Bechtel provides engineering, procurement, and construction expertise using advanced project delivery systems to ensure execution certainty and consistent delivery of nuclear projects.
Why is Wyoming significant for the United States’ nuclear industry?
Wyoming is the country’s number one uranium producer and hosts the first Natrium plant, marking a new ground for American energy innovation and reliable energy production.
What workforce challenges do new nuclear construction projects face?
Challenges include supply chain bottlenecks, financial risks, regulatory approval delays, and the need for specialized skills in advanced reactor technologies.
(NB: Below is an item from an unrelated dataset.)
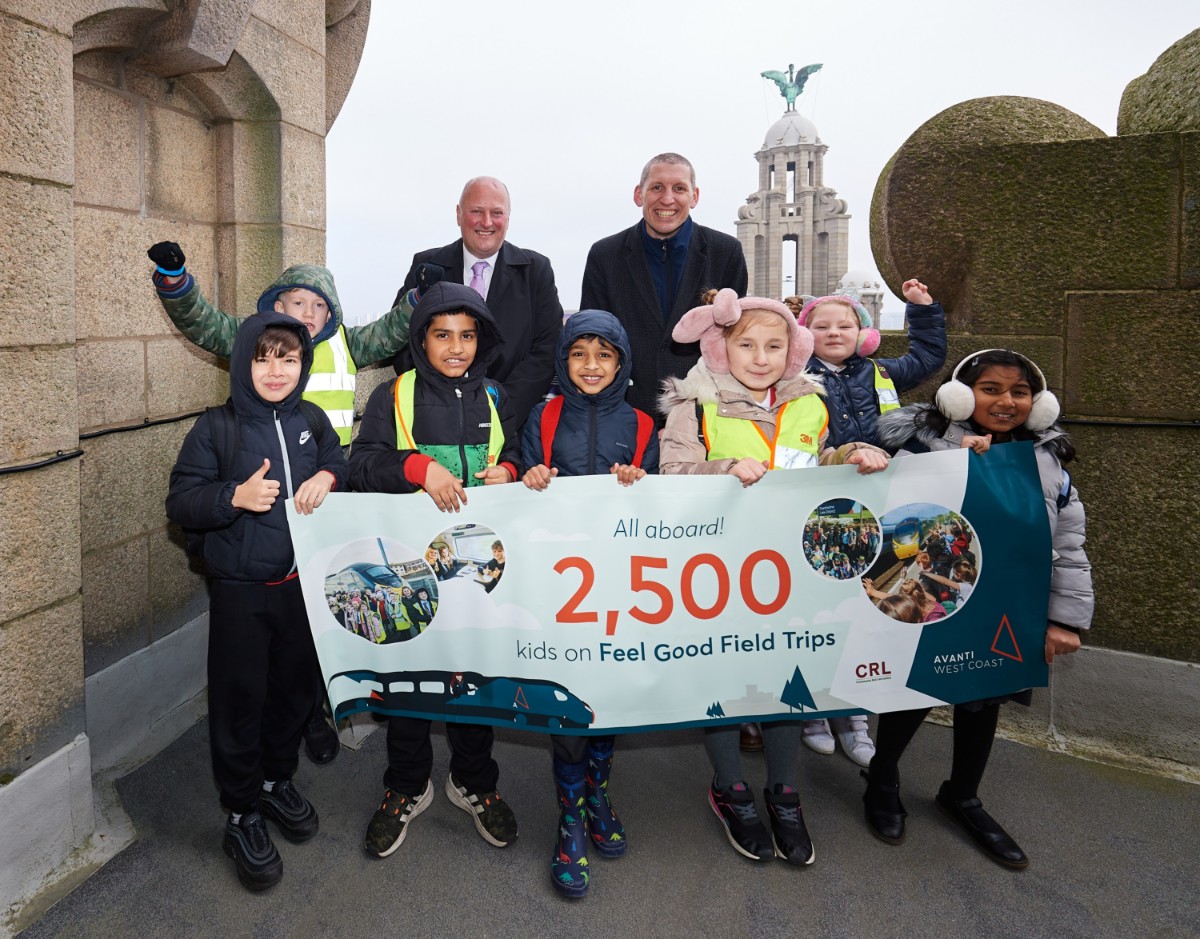 Beechwood Primary School pupils celebrate 2,500 children to enjoy Feel Good Field Trips with Andy Mellors (Avanti West Coast Managing Director) and David Savage (Community Rail Officer at Community Rail Lancashire) at Royal Liver Building in Liverpool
How does TRX International support nuclear project delivery?
TRX International offers global recruitment, workforce planning, and training services, uniquely positioned to meet the talent needs of new nuclear construction projects consistently.
TRX International’s Role in Supporting New Nuclear Projects
TRX International works exclusively in nuclear energy and related sectors, supporting organizations across the full project lifecycle; from feasibility and licensing through construction, commissioning, and operations, and guiding professionals from student to specialist in nuclear careers.
Our services for new construction include:
- Large-scale project staffing and niche technical recruitment
- Executive and leadership search
- Long-term workforce planning for multi-unit nuclear projects
- Training and development for newcomer country workforces
- Competency frameworks aligned with safety and regulatory standards
We support nuclear power utilities, SMR developers, fusion research programs, nuclear medicine institutions, and decommissioning organizations worldwide. The U.S. Department of Energy aims for several advanced reactors to reach key licensing milestones, securing specialized talent now determines project success.